# Agenda

1. Reading the data into a pandas dataframe
2. Exploring the dataset
3. Trying a basic model and see its accuracy

In [3]:
!pip install pyconll
!pip install nltk



In [4]:
import pyconll
import matplotlib.pyplot as plt
import pandas as pd
import numpy as np
import re

## Reading the data into a pandas dataframe

In [5]:
file_path = '/kaggle/input/ud-arabic-padt/ar_padt-ud-train.conllu'
dataset = pyconll.load_from_file(file_path)

dev_path= '/kaggle/input/ud-arabic-padt/ar_padt-ud-dev.conllu'
dev_dataset = pyconll.load_from_file(dev_path)

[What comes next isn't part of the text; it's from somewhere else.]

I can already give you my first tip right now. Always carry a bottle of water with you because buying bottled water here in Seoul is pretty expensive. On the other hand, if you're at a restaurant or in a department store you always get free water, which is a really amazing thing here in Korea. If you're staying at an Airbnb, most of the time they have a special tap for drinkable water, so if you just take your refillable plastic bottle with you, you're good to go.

test_path ='/kaggle/input/ud-arabic-padt/ar_padt-ud-test.conllu'
test_dataset = pyconll.load_from_file(test_path)

In [6]:
def get_df(dataset):
    # Initialize lists to store data
    samples = []

    # Iterate over a few sentences to collect samples
    for i, sentence in enumerate(dataset):
        # Initialize lists to store tokens and POS tags for the current sentence
        tokens = []
        pos_tags = []
        # Iterate over tokens in the sentence and collect data
        for token in sentence:
            tokens.append(token.form)
            pos_tags.append(token.upos)
        # Append data for the current sentence as a tuple (word form, POS tag)
        samples.append((tokens, pos_tags))

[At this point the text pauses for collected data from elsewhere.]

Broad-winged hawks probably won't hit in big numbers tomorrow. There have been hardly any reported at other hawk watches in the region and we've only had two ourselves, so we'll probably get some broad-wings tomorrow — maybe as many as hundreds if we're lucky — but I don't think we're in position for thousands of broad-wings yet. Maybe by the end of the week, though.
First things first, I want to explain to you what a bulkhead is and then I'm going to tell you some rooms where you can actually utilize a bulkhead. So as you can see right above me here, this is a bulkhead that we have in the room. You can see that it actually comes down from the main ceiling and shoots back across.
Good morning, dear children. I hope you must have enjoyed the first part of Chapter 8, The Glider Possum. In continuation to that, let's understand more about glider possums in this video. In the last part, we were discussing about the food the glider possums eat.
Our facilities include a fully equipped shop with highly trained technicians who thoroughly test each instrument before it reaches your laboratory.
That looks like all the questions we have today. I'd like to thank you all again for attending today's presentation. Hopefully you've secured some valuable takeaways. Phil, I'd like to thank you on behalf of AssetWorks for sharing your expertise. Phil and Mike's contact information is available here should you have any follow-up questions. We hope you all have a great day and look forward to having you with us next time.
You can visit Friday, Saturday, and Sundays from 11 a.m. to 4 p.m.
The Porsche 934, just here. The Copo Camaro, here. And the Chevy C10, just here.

    # Create a DataFrame from the collected samples
    return pd.DataFrame(samples, columns=['sent', 'pos_tags'])

# Print the Data
df = get_df(dataset)
df.head()

Unnamed: 0,sent,pos_tags
0,"[برلين, ترفض, حصول, شركة, اميركية, على, رخصة, ...","[X, VERB, NOUN, NOUN, ADJ, ADP, NOUN, NOUN, NO..."
1,"[برلين, 15, -, 7, (, اف, ب, ), -, افادت, صحيفة...","[X, NUM, PUNCT, NUM, PUNCT, X, X, PUNCT, PUNCT..."
2,"[وفي, و, في, نيسان, /, ابريل, الماضي, ،, تخلت,...","[None, CCONJ, ADP, NOUN, PUNCT, NOUN, ADJ, PUN..."
3,"[وكانت, و, كانت, خسائر, المجموعة, الاسبانية, ا...","[None, CCONJ, VERB, NOUN, NOUN, ADJ, ADJ, VERB..."
4,"[واشارت, و, أشارت, صحيفة, الاحد, الى, ان, المس...","[None, CCONJ, VERB, NOUN, NOUN, ADP, SCONJ, NO..."


In [None]:
df.shape

In [None]:
df["sent"][0]

In [None]:
df["pos_tags"][0]

## dividing

In [7]:
dev_df= get_df(dev_dataset)
test_df= get_df(test_dataset)

## Exploring the dataset

In [None]:
# Initialize lists to store data
samples = {}
tokens = []
pos_tags = []
for i, sentence in enumerate(dataset):
    # Iterate over tokens in the sentence and collect data
    for token in sentence:
        tokens.append(token.form)
        pos_tags.append(token.upos)
    # Append data for the current sentence as a tuple (word form, POS tag)
samples["tokens"]=tokens
samples["pos_tags"]=pos_tags

# Create a DataFrame from the collected samples
df2 = pd.DataFrame(samples)

# Print the Data
df2.head()

In [None]:
df2.shape

In [None]:
df2.describe()

In [None]:
df2.pos_tags.value_counts()

In [None]:
df2['pos_tags'].value_counts().plot.bar()

In [None]:
print(len(df2))

### Can a token have 2 different POS tags?

Short answer: **Yes!**

#### Long answer:

In [None]:
t_d={}
for i in range(len(df2)):
    if df2["tokens"][i] in t_d.keys():
        t_d[df2["tokens"][i]].append(df2["pos_tags"][i])
    else:
        t_d[df2["tokens"][i]]=[]
counter = 20
sum=0
for i in t_d.keys():
    c=len(set(t_d[i]))
    if c>1:
        sum+=1
        if counter>0:
            counter-=1
            print(i,set(t_d[i]))
print("total",sum)

## Modelling

In [8]:
from keras.preprocessing.sequence import pad_sequences
import tensorflow as tf
from sklearn.model_selection import train_test_split
from tensorflow.keras.layers import Embedding, LSTM, Dense, TimeDistributed, SimpleRNN
from tensorflow.keras.models import Sequential

In [9]:
def get_numbers(df):
    # Convert tokens and POS tags to numeric representation
    vocab = set([word for sentence in df["sent"] for word in sentence])
    pos_tag_set = set([tag for tags in df["pos_tags"] for tag in tags])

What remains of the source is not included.